Rules to avoid common extended inline assembly mistakes

admin1 day ago

0 2 4 minutes read

December 20, 2024

nullprogram.com/blog/2024/12/20/

GCC and Clang inline assembly is an interface between high and low level
programming languages. It is subtle and treacherous. Many are ensnared in
its traps, usually unknowingly. As such, the asm keyword is essentially
the unsafe keyword of C and C++. Nearly every inline assembly tutorial,
including the awful ibilio page at the top of search engines for
decades, propagate fundamental, serious mistakes, and most examples are
incorrect. The dangerous part is that the examples usually produce the
expected results! The situation is dire. This article isn’t a tutorial,
but basic rules to avoid the most common mistakes, or to spot them in code
review.

The focus is entirely extended assembly, and not basic assembly,
which has different rules. The former is any inline assembly statement
with constraints or clobbers. That is, there’s a colon : token between
the asm parenthesis. Basic assembly is blunt and has fewer uses, mostly
at the top level or in “naked” functions, making misuse less
likely.

(1) Avoid inline assembly if possible

Because it’s so treacherous, the first rule is to avoid it if at all
possible. Modern compilers are loaded with intrinsics and built-ins that
replace nearly all the old inline assembly use cases. They allow access to
low level features from the high level language. No need to bridge the gap
between low and high yourself when there’s an intrinsic.

I’m not aware of any compiler with a built-in for system calls, and other
times they simply lack a useful intrinsic. These remaining cases
are mostly about interacting with external systems, not optimization nor
performance.

(2) It should nearly always be volatile

Falling right out of rule (1), the remaining inline assembly cases nearly
always have side effects beyond output constraints. That includes memory
accesses, and it certainly includes system calls. Because of this, inline
assembly should usually have the volatile qualifier.

This prevents compilers from eliding or re-ordering the assembly. As a
special rule, inline assembly lacking output constraints is implicitly
volatile. Despite this, please use volatile anyway! When I do not see
volatile it’s likely a defect. Stopping to consider if it’s this special
case slows understanding and impedes code review.

Tutorials often use __volatile__. Do not do this. It is an ancient alias
keyword to support pre-standard compilers lacking the volatile keyword.
This is not your situation. When I see __volatile__ it likely means you
copy-pasted the inline assembly from somewhere without understanding it.
It’s a red flag that draws my attention for even more careful review.

Side note: __asm or __asm__ is fine, and even required in some cases
(e.g. -std=cXX). I usually write it asm.

(3) It probably needs a memory clobber

The "memory" clobber is orthogonal to volatile, each serving different
purposes. It’s less often needed than volatile, but typical remaining
inline assembly cases require it. If memory is accessed in any way while
executing the assembly, you need a memory clobber. This includes most
system calls, and definitely a generic syscall wrapper.

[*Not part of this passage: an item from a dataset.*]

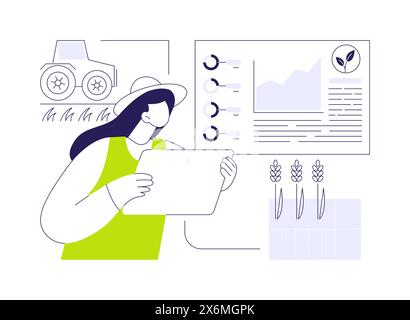 Analytics for crop yield forecast abstract concept vector illustration. Stock Vector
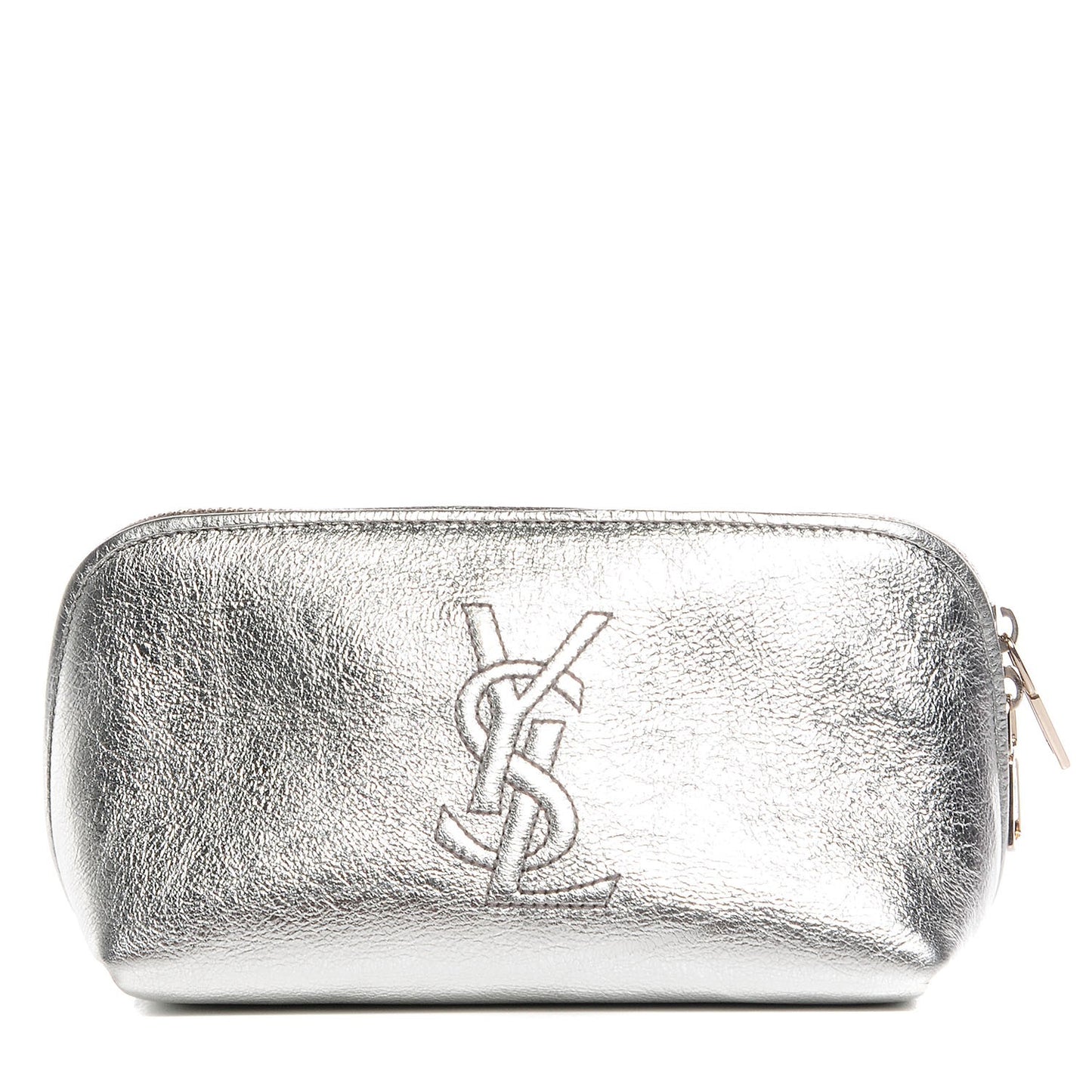 Metallic Leather Belle de Jour Cosmetic Case Dark Silver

    asm volatile (... : "memory");

In code review, if you do not see a "memory" clobber, give it extra
scrutiny. It’s probably missing. If it’s truly unnecessary, I suggest
documenting such in a comment so that reviewers know the omission is
considered and intentional.

The constraint prevents compilers from re-ordering loads and stores around
the assembly. It would be disastrous, for example, if a write(2) system
call occurred before the program populated the output buffer! In this
case, volatile would prevent followup write(2) from being optimized
out while "memory" forces memory stores to occur before the system call.

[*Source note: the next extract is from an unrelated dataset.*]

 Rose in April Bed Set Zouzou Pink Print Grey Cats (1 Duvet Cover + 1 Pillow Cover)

(4) Never modify input constraints

It’s easy not to modify inputs, so this is mostly about ignorance, but
this rule is broken with shocking frequency. Most of the time you can get
away with it, right up until certain configurations have a heisenbug. In
most cases this can be fixed by changing an input into read-write output
constraint with "+":

asm volatile ("..." :: "r"(x) : ...);  // before
asm volatile ("..." : "+r"(x) : ...);  // after

If you hadn’t been using volatile (in violation of rule 2) then now
suddenly you’d need it because there’s an output constraint. This happens
often.

(5) Never call functions from inline assembly

Many things can go wrong because the semantics cannot be expressed using
inline assembly constraints. The stack may not be aligned, and you’ll
clobber the redzone. (Yes, there’s a "redzone" constraint, but its
insufficient to actually make a function call.) Do not do it. Tutorials
like to show it because it makes for a simple demonstration, but all those
examples are littered with defects.

System calls are fine. Basic assembly may call functions when used outside
of non-naked functions. The goto qualifier, used correctly, allows jumps
to be safely expressed to the compiler. Just don’t use call in extended
assembly.

(6) Do not define absolute assembly labels

That is, if you need to jump within your assembly block, such as for a
loop, do not write a named label:

Your inline assembly is part of a function, and that function may be
cloned or inlined, in which case there will be multiple copies of your
assembly block in the translation unit. The assembler will see duplicate
label names and reject the program. Until that function is inlined,
perhaps at a high optimization level, this will likely work as expected.
On the plus side it’s a loud compile time error when it doesn’t work.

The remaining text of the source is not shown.